To use this code you provide:

  • [ -i ] A regular expression to identify all the trajectory files to search
  • [ -s ] The size of the database
  • [ -o ] The name of the database

Optionally, if you have calculated the temperature of the configurations, you can restrict the search to a given temperature range by providing:

  • [ -lt ] A minimum temperature value
  • [ -ut ] A maximum temperature value

Ideal examples would be:

To generate a database of 500 configurations in a file called "new_db.extxyz", by searching for files that match the expression "*.traj.*.extxyz" of which I expect there to be 20*n files:
mpirun -np 20 python3 database_builder.py -i "*.traj.*.extxyz" -s 500 -o "new_db.extxyz"

And to do the same again but restrict the search to only configurations that have temperature between 100 and 10,000 k
mpirun -np 20 python3 database_builder.py -i "*.traj.*.extxyz" -s 500 -o "new_db.extxyz" -lt 100 -ut 10000


temperature_calculator.py

Assuming you have run ns_analyse after a completed nested sampling run, and want to predict the temperature of the outputted configurations, you can use this function to do that.
Note that the predictions are just predictions and so the accuracy is subject to the noise of a nested sampling run.
Also keep in mind that the temperature is only reliable within the temperature range used when you ran ns_analyse.
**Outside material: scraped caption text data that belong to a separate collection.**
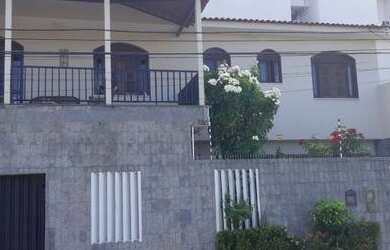 Imagem: A casa possui 3 Dormitórios, 3 Banheiros, 3 Vagas na garagem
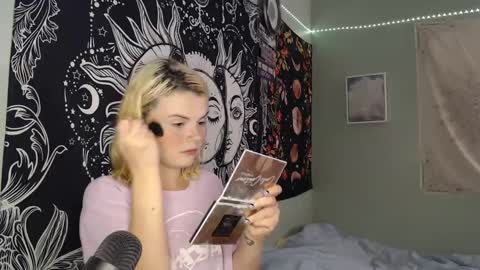 Miss Venus online show from September 18, 2025, 11:29 pm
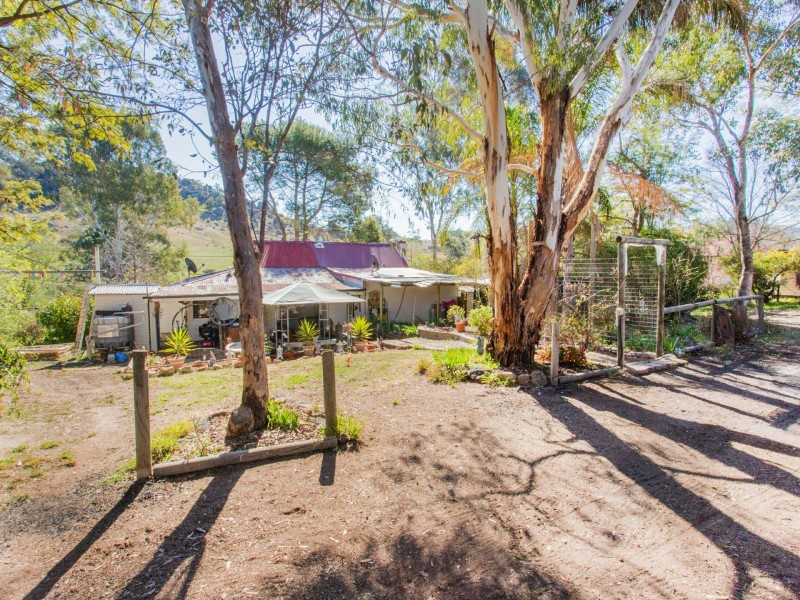 85 Main Street, Darbys Falls NSW 2793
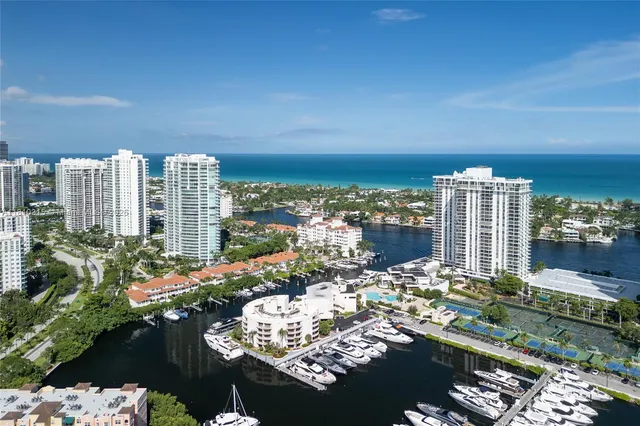 $5,000 | Biscayne Yacht and Country Club, Aventura, FL 33180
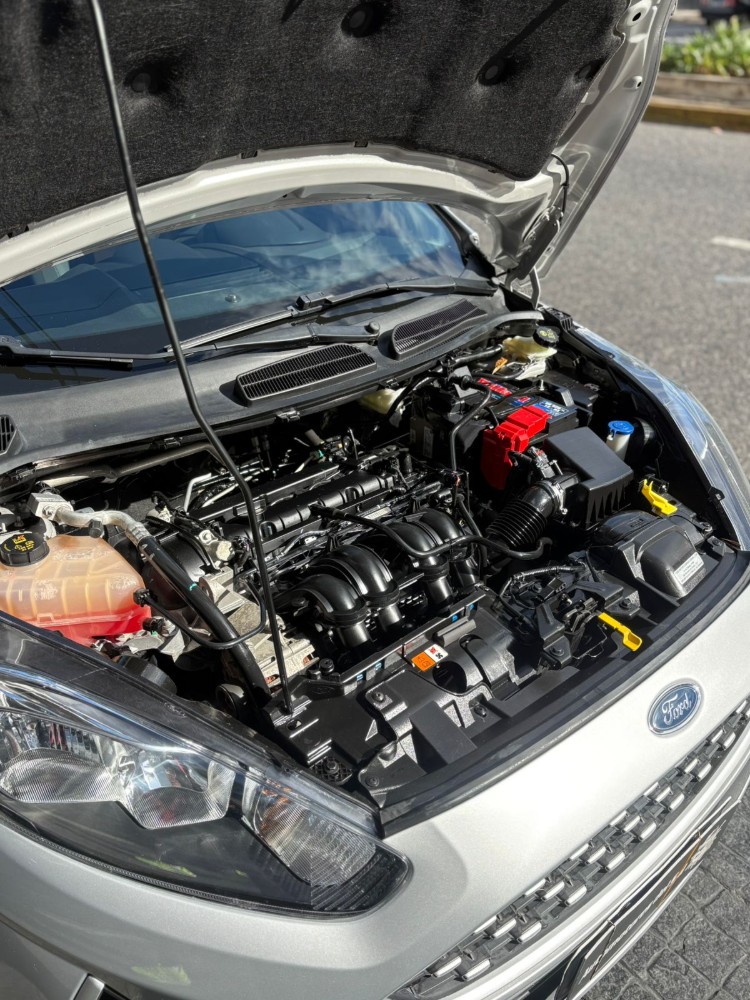 Ford Fiesta Kinetic S Plus — foto 13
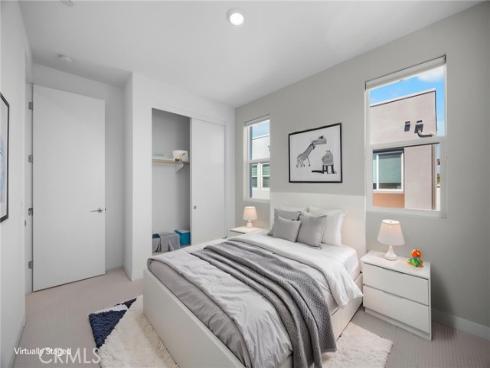 669 S Lyon Street, Santa Ana, CA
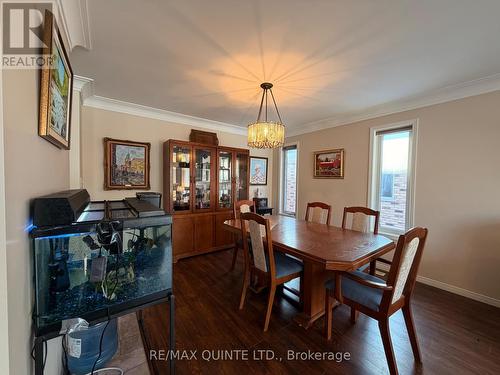 73 Oak Ridge Boulevard, Belleville (Belleville Ward), ON - Indoor Photo Showing Dining Room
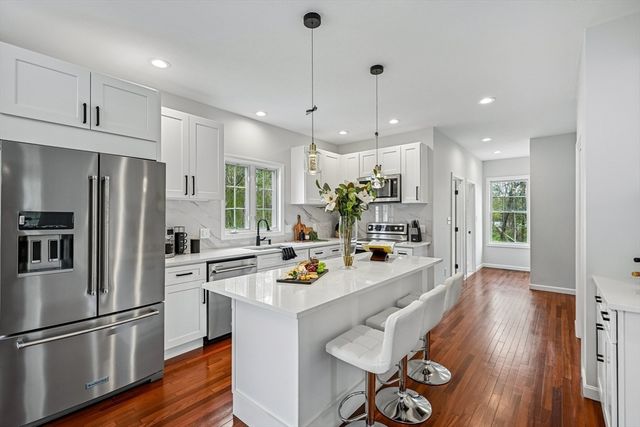 30 Clews St, Shrewsbury, MA 01545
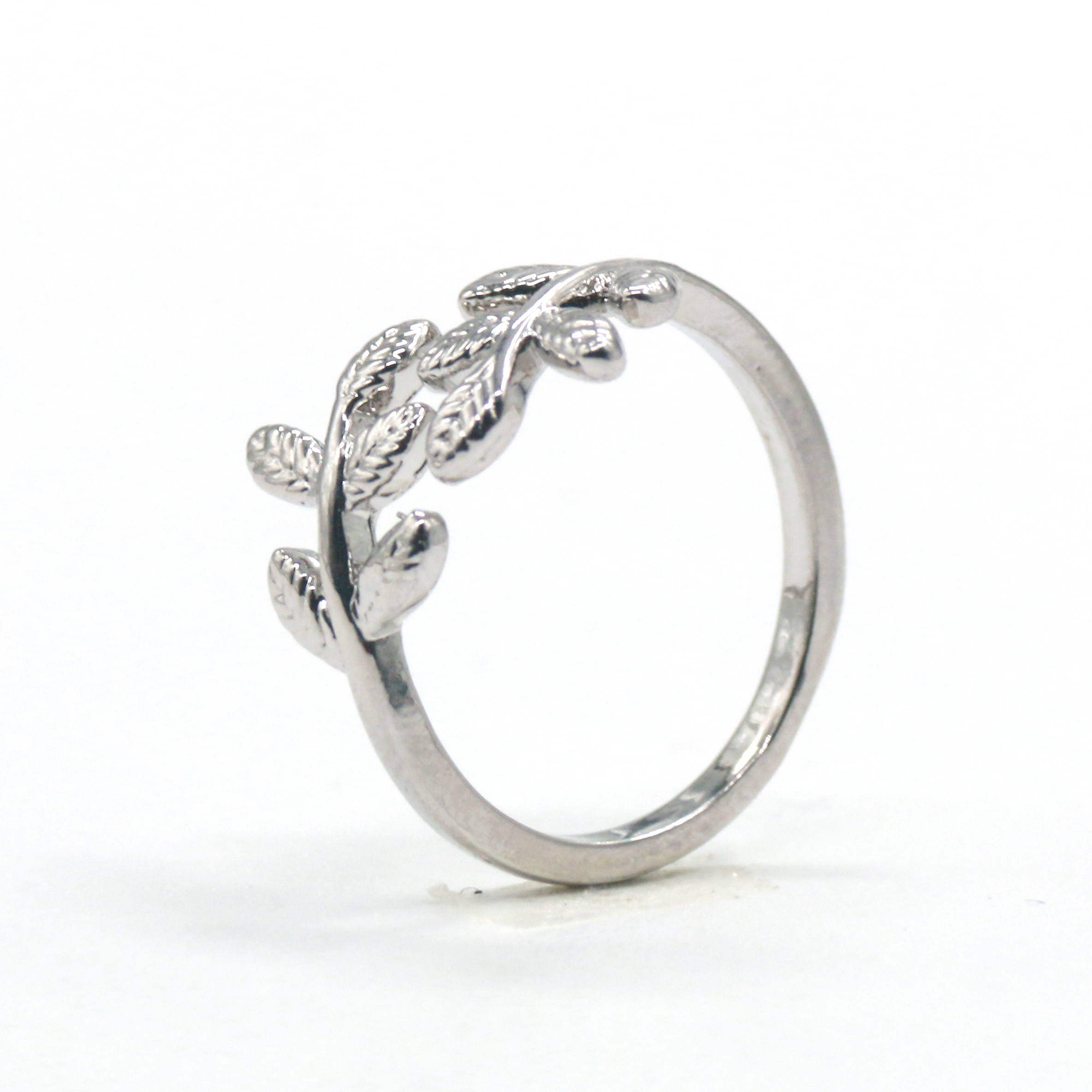 Anillo de circonitas de cobre 7 Specification image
Temperatures outside of the ns_analyse range will be predicted through linear extrapolation and so you may notice -np.inf or +np.inf at very low enthalpy or high enthalpy values respectively. To get an actual temperature value you need only to expand the temperature range of your ns_analyse call.

Note

Required Python modules

  • ASE
  • MPI4Py
  • Numpy
  • Scipy
  • Pandas

It is important that the number of trajectory files to search can be equally divided by the thread number. Due to the amount of data in a nested sampling output file, an unbalanced search scheme has not been implemented.

To use this code you provide:

  • [ -i ] A regular expression to identify all the trajectory files to search
  • [ -d ] A file with the data outputted by ns_analyse

Ideal examples would be:

To predict the temperature of configurations in files matching the expression "*.traj.*.extxyz", of which I expect there to be 24*n files, using the analysis data from ns_analyse stored in analysis_data.dat:
mpirun -np 24 python3 temperature_calculator.py -i "*.traj.*.extxyz" -d "analysis_data.dat"


pymatnest_traj_concat.py

Assuming you have run nested sampling and have not outputted every structure but now you want look at structure specific properties like the XRD. You can use this function to concatenate all the nested sampling trajectories into one file that is in iteration order.
Note that the zeroth iteration in Pymatnest is not outputted so the first iteration is n where n is the output frequency from your nested sampling run.

Note

Required Python modules

  • ASE
  • MPI4Py
  • Numpy

It is important that the number of trajectory files to search can be equally divided by the thread number. Due to the amount of data in a nested sampling output file, an unbalanced sorting scheme has not been implemented.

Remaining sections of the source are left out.